2015-08-01 19:54:42 | 日記
 (1)大事故が起きたのにその関係最高責任者が誰も責任を取らないというのはあり得ないというのが社会のパラダイム(paradigm)だが、106人が事故死したJR福知山線脱線事故でもJR西日本の歴代社長3名が検察の不起訴処分を受けた強制起訴裁判(1、2審)で無罪が続く。

 事故原因回避を知り得る立場にあったか、なかったかの証拠は検察捜査では重要な分岐点だが、社会のパラダイムからすれば組織の最高責任者は同組織、企業がかかわった重大事故に対して、被害者への事故責任を企業代表として負う立場にあると理解するのが自然だ。

 (2)そうした市民の感情、感性を裁判に取り入れようとして導入されたのが裁判員裁判(civil judgment)だった。
 東日本大震災による福島第一原発事故責任を巡って東京電力の元会長、副社長3名が大津波被害を予測しえなかったとして検察不起訴処分を受けたのに対して、検察審査会が強制起訴を決定した。

 千年に一度といわれる前代未聞の大地震による巨大津波が東北太平洋側一帯を襲い、海岸に隣接して建てられた福島第一原発建屋に浸水して電気系統をマヒさせて原発機能が停止し、格納容器溶融、水蒸気爆発、放射性物質の漏えいで現在でも周辺住民には帰宅困難地域が残り、全国に多くの避難生活を出している。

 (3)東電は08年には福島第一原発敷地南側の津波水位を最大15.7メートル(報道)と試算想定(報道)していたが、適切な災害対策は見送られて結果として福島第一原発事故の大惨事を引き起こした。

 災害安全対策に着手しなかった東電の事故責任(予見可能性 foreseeing possibility)について、検察は「事故前に原発の主要機器が水没する危険性は認識できなかった」(報道)と結論付けた。
 原発は都心や住宅密集地に建設されることはなく、万が一の事故を想定して放射性物質の漏えいや冷却する大量の水(海水)を確保するために開かれた海岸線に建設されている。

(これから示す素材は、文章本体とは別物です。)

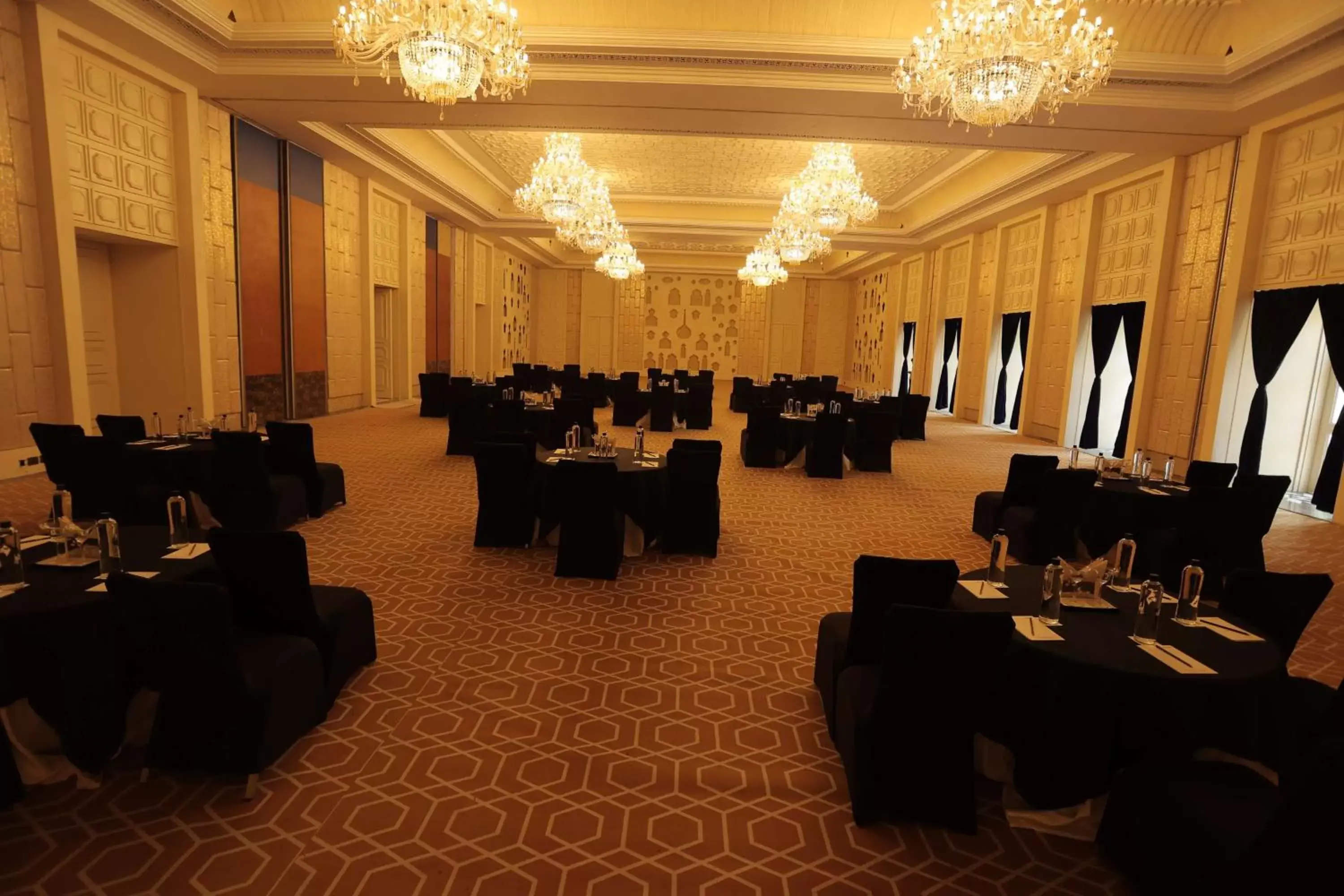 Banquet/Function facilities, Banquet Facilities in Radisson Blu Udaipur Palace Resort & Spa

 (4)事故時のせめての影響被害を最小限にとどめることを想定しての対策であり、原発事業者の東電の責任でもある。近年の商慣習は企業には製造者責任理念が重く課せられての対策であり、商品に対する製造から管理、販売、回収まで自己責任を強く求めるものだ。

 そういう企業理念からしても原発事業者の東電に対しては、事故を想定したあらゆる責任が求められるのは当然のことだ。
 予測しえたか、しえなかったかで事故責任が回避されることがあっては周辺住民への被害救済に重大な瑕疵(かし)、責任回避を生じさせることにもなる。

 (5)企業全体で事業責任を負うことであって、その最高責任者が会長であり社長である。会長、社長が企業の事業実体のどこまで知り得ることを求められているのかはそれぞれあるのだろうが、事業計画、戦略、開発、投資、利益は知り得る当然のことであり、原発事業者の東電の場合には「安全と投資」の比較対効果は最高決定のものであり、自社試算の「最大15.7メートル」津波は知り得る情報であって、その対策を利益対効果でどう判断するかは最高決定権限であって当然だ。

 (6)東電最高責任者の「最大15.7メートル」津波の予見可能性について「危険性の認識」があって当然だった。
 最高責任者として安全と投資対比較効果の安全対策を怠ったことは明確であり、原発事業者として過失刑事責任を負わなければならない。

 福知山線脱線事故によるJR西日本の最高責任者の乗客安全への知り得る危険同様に、東電の最高責任者の知り得る危険は大きく、安全対策への責任も大きいといえる。